Database Genres

Like music, databases can be categorized into genres onto one or more styles. The first chapter of Seven Databases in Seven Weeks leads us into the exploration of five main database genres. In this section, I quote those descriptions from the book below.

Relational Database

The relational model is generally what comes to mind for most people with database experience. Relational database management system (RDBMSs) are set-theory-based systems implemented as two-dimensional tables with rows and columns. The canonical means of interacting with an RDBMS is by writing in Structured Query Language (SQL). Data values are typed and may be numeric, strings, datas, uninterpreted blobs, or other types. The types are enforced by the system. Importantly, tables can join and morph into new, more complex tables, beacuase of their mathematical basis in relational (set) theory.

There are lots of open source relational databases to choose from, including MySOL, H2, HSQLDB, SQLite, and many others.

Key-Value Database

The key-value (KV), as the name suggested, is a KV store pairs keys to values in much the same way that a map (or hashtable) would in any popular programming language. Some KV implementations permit complex value types such as hashes or lists, but this is not required. Some KV implementations provide a means of iterating through the keys, but this again is an added bonus. A filesystem could be considered a key-value store, if you think of the file path as the key and the file contents as the value. Because the KV moniker demands so little, database of this type can be incredibly performant in a number of scenarios but generally won’t be helpful when you have complex query and aggregation needs.

As with relational databases, many open source options are available. Some of the more popular offerings include memcached, Voldemort, Redis and Riak.

Columnar Database

Columnar, or column-oriented, databases are so named because the important aspect of their design is that data from a given column (in the two-dimensional table sense) is sorted together. By contrast, a row-oriented database (like an RDBMS) keeps information about a row together. The difference may seem inconsequential, but the impact of the design decision runs deep. In column-oriented databases, adding columns is quite inexpensive and is done on a row-by-row basis. Each row can have a different set of columns, or none at all, allowing tables to remain sparse without incurring a storage cost for null values. With respect to structure, columnar is about midway between relational and key-value.

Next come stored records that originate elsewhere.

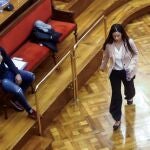 Rosa Peral pasa frente a Albert López durante el juicio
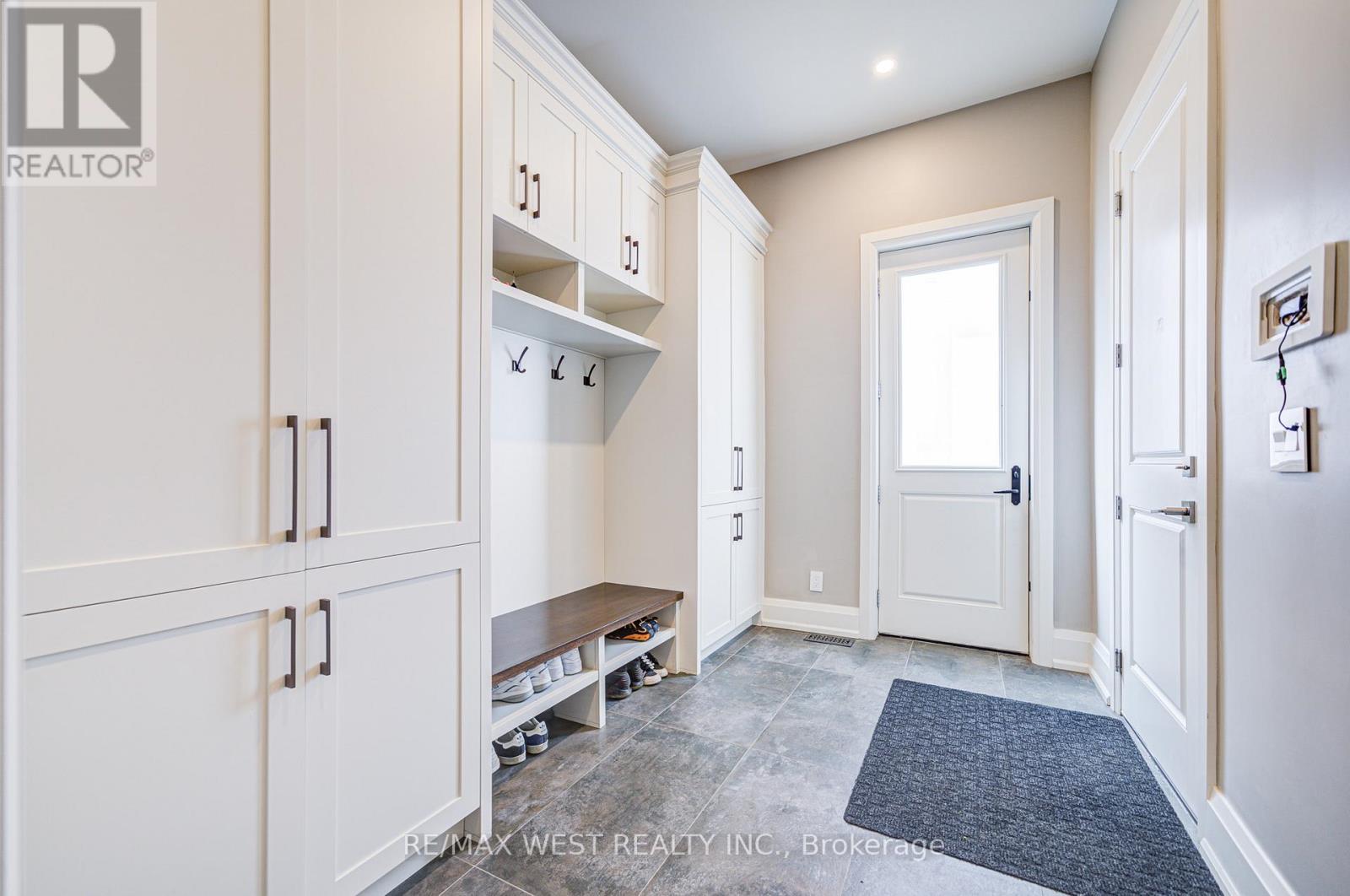 2194 Haygate Crescent, Mississauga, Ontario  L5K 1L5 - Photo 18 - W12147977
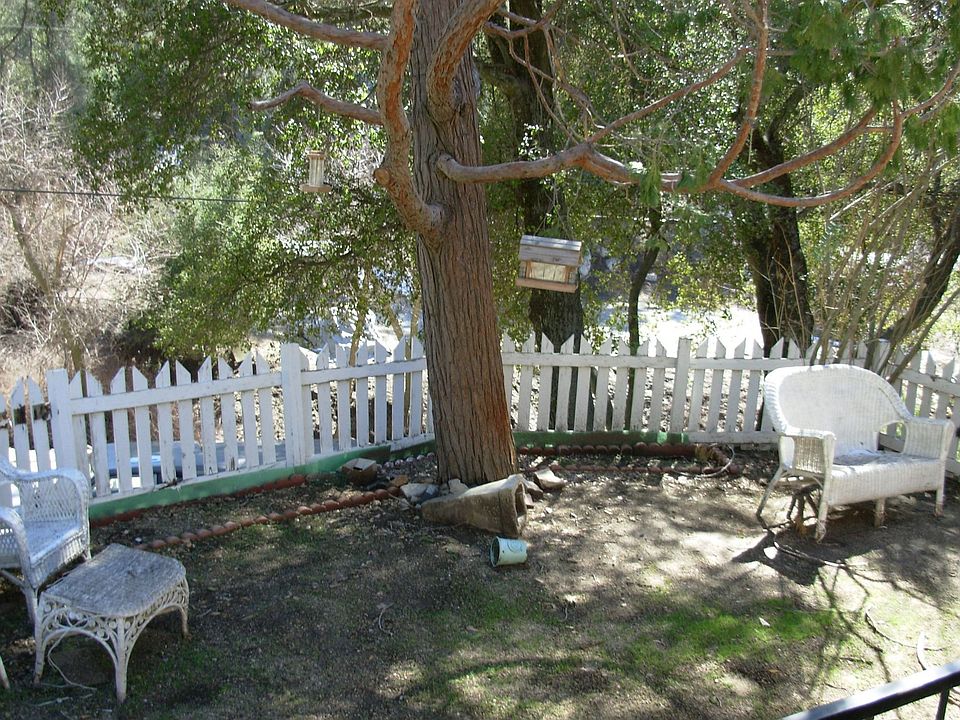 SETTING AREA SURROUNDED BY NATURE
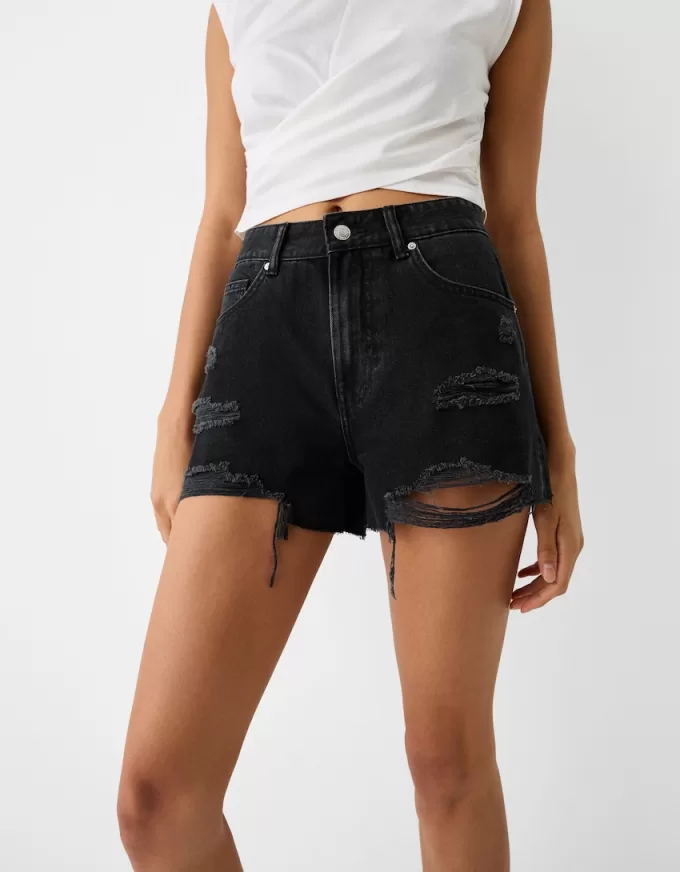 Rippade jeansshorts Rippade jeansshorts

In the columnar database market, there’s somewhat less competition than in relational databases or key-value stores. The three most popular are HBase, Cassandra, and Hypertable.

Document Database

Document-oriented databases store, well, documents. In short, a document is like a hash, with a unique ID fields and values that may be any of a variety of types, including more hashes. Documents can contain nested structures, and so they exhibit a high degree of flexibility, allowing for variable domains. The system imposes few restrictions on incoming data, as long as it meets the basic requirement of being expressible as a document. Different document databases take different approaches with respect to indexing, ad hoc querying, replication, consistency, and other design decisions. Choosing wisely between them requires understanding these differences and how they impact your particular use cases.

The two major open source players in document database market are MongoDB and CouchDB.

Graph Database

One of the less commonly used database styles, graph databases excel at dealing with highly interconnected data. A graph database consists of nodes and relationships between nodes. Both nodes and relationships can have properties–key-value pairies–that store data. The real strength of graph databases is traversing through the nodes by following relations.

The most popular graph database is Neo4J.

Most of the problems we face could be solved by most of the databases we mentioned above. The question is less about whether a given database style could be shoehorned to model your data and more about whether it’s the best fit for the problem space, the usage pattern, and the available resources.